Encore
des collages, et des beaux arts, de la peinture moderne de Van Gogh
(le vrai) à Van Gogh
(celui de Pialat, avec son pinceau de bois qui écrase le bleu) du
ciel, des tableaux du MoMA ou des livres de la bibliothèque
d'Anne-Marie Miéville et Jean-Luc Godard. Ils se mettent à deux
pour faire ces 46 minutes. Le film a rarement été montré. Je
l'avais découvert en mai 2002 dans la salle Buñuel pendant le
Festival de Cannes, j'ai mis donc plus de 16 ans pour enfin retomber
sur ce film de collages, l'un des plus beaux du duo de cinéastes
suisses.
Comme
toujours, c'est un long texte qui est dit pendant tout le film,
Miéville et Godard se répondent et se contredisent, mais cette fois
hors vue, à part dans un plan en queue de film où ils viennent,
comme par magie du cinéma, devant des pellicules qui se rembobinent.

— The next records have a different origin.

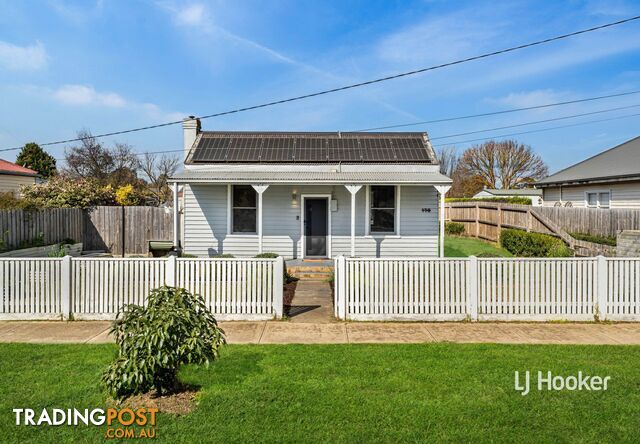 Unit 1/178 High Street BROADFORD VIC 3658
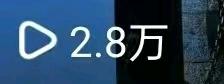 肖东平找合伙人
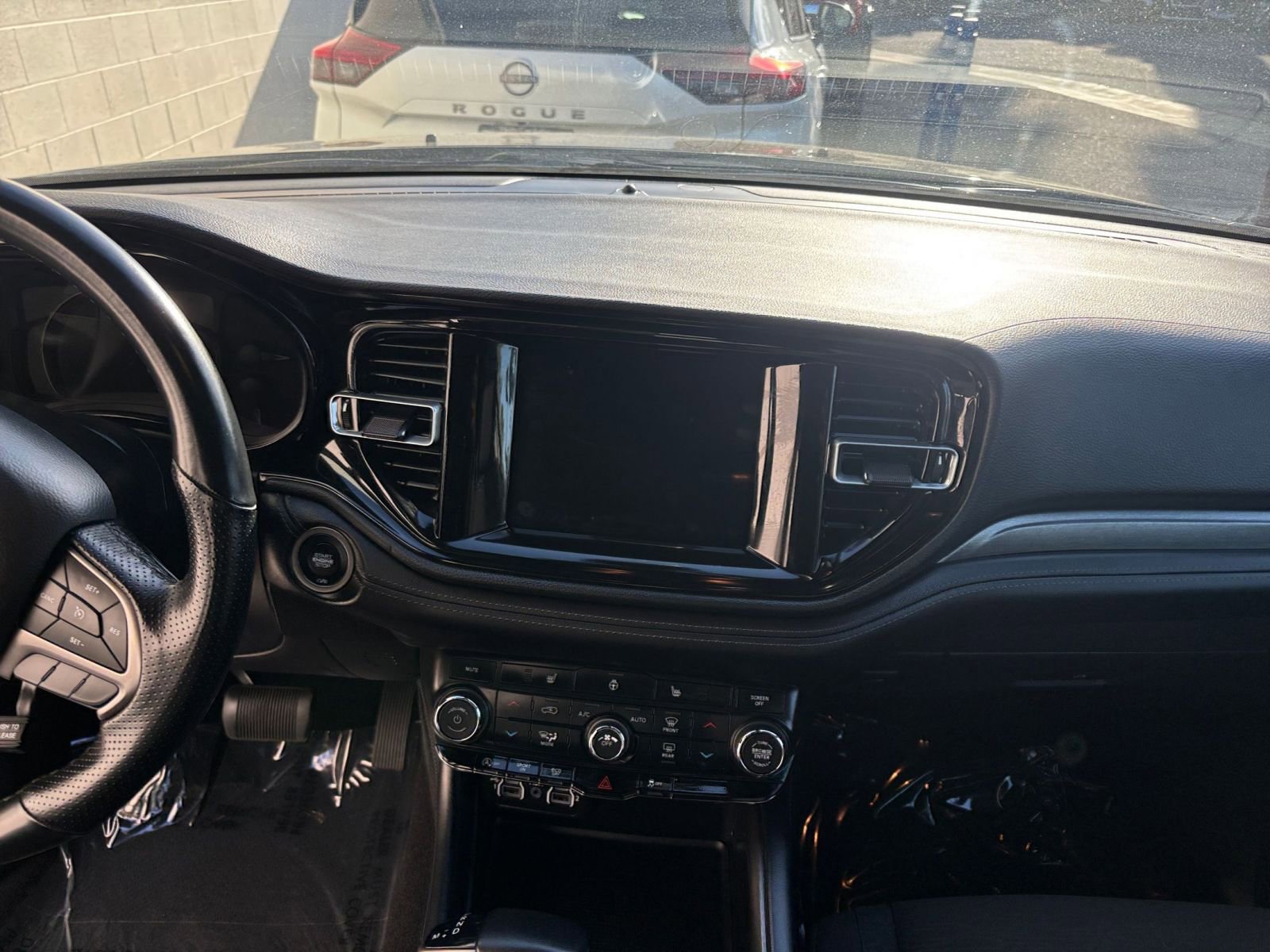 Thumbnail: 2024 Dodge Durango - 18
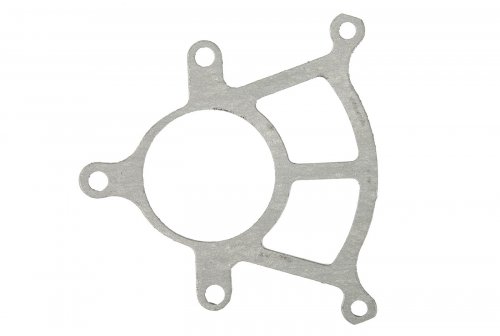 Прокладка мотор-редуктор (ГЭТ)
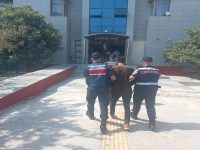 Balıkesir İl Jandarma Komutanlığı tarafından yapılan operasyonlar sonucunda Susurluk’ta DEAŞ
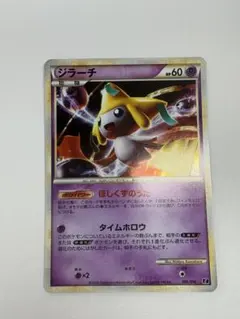 2026年最新】Pokemon Card Game シリーズ：ADV ポケモンカードゲームの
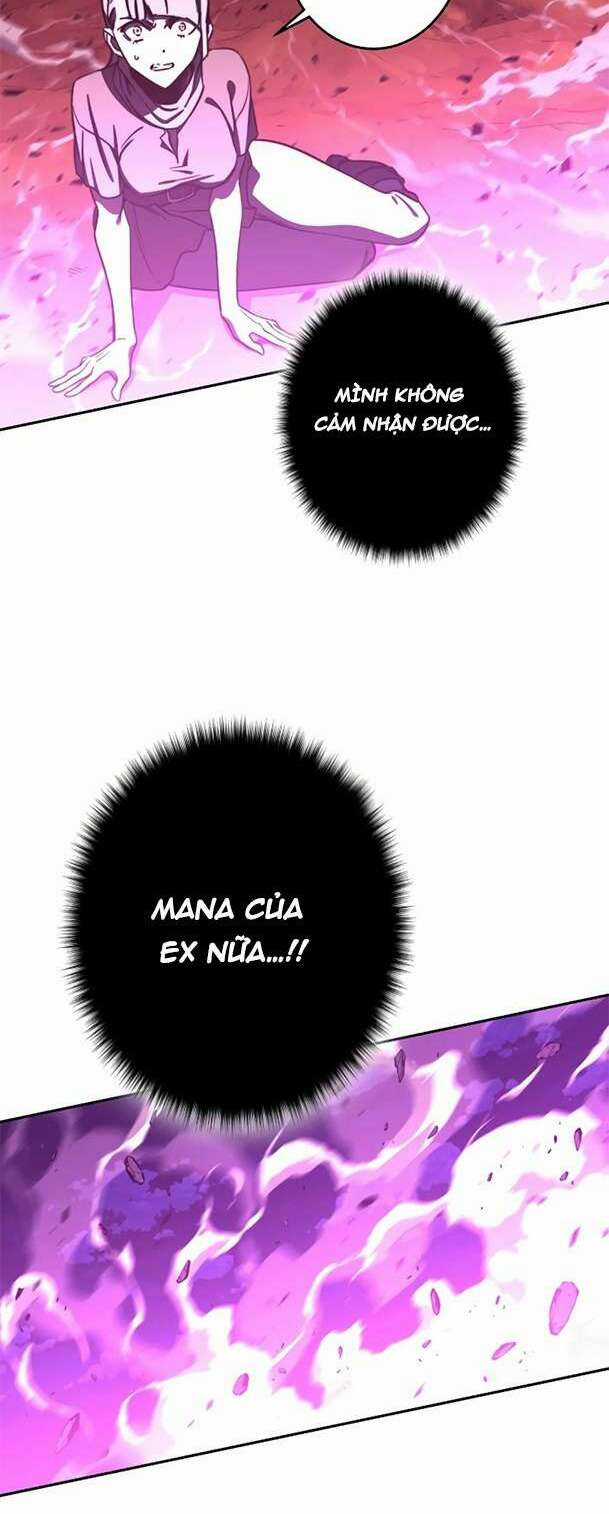 Ex & Ash Chapter 92 trang 80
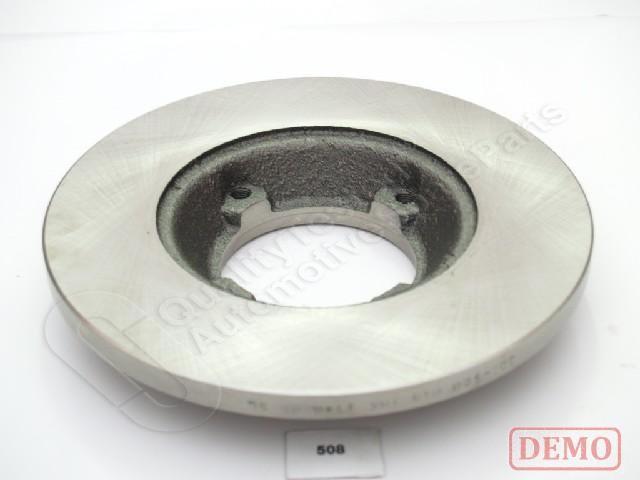 82/DI-508C_2.jpg
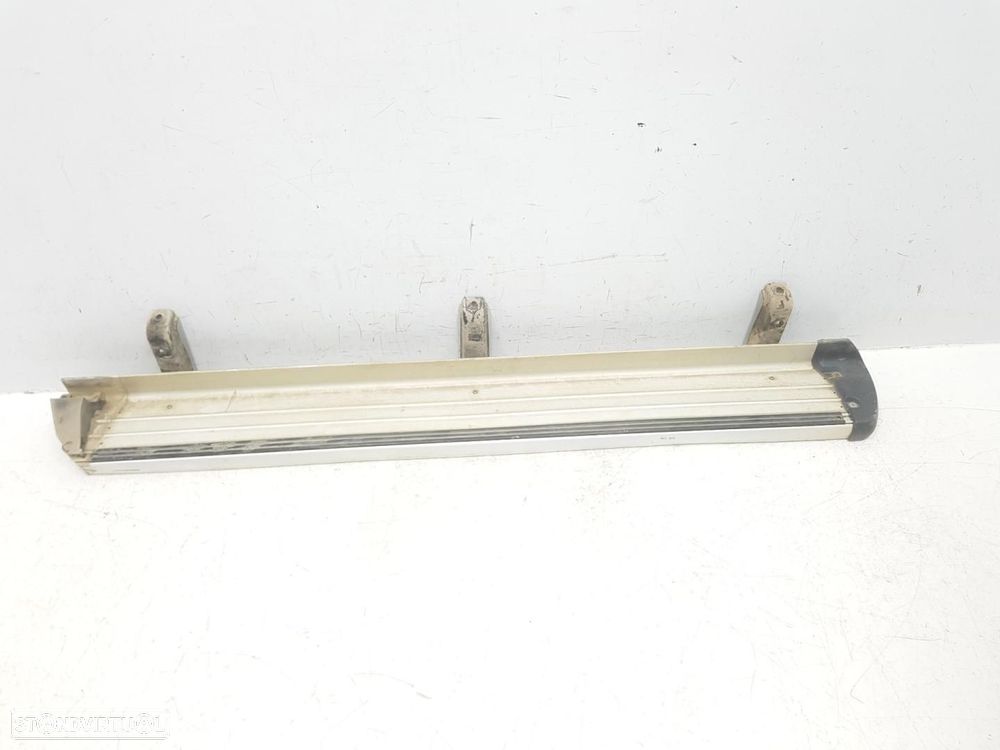 TECTOS LATERAIS MITSUBISHI L200 KA0KB0 - 1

Le film est si rythmé, allegro ma non troppo, qu'il peut être vu
sans ces commentaires, qui sont, comme on s'en doute, du pur jus de
citations à l'égal du collage d'image. Parfois ils se répondent
mais rarement, comme une valse à plusieurs temps.
C'est
l'art qui les turlupine et par dessus le prix de l'art, vieux débat
qu'ils s'amusent à ressasser avec certaines photos jugées
artistiques, en vérité des images documentaires. Cette image d'un
petit Africain menacé par un vautour leur a coûté 2856 francs,
sans compter la TVA, mais est-ce vraiment de l'art ? Le collage
permet les comparaisons entre les photos d'actualité (Algérie 20e
siècle) et les œuvres (Italie 18e siècle). Ce collage montage est
surtout amusant, parfois cocasse, parfois injuste, mais déjà plus
fructueux qu'avec la politique.
Injuste
quand il fait suivre une photo de Sharon Stone en noir et blanc
saluant le public par une image des jeunesses nazies en train de
lever le bras droit. Tout le monde sourit mais ce sont les raccourcis
godardiens toujours difficiles à supporter dans ces années 1990.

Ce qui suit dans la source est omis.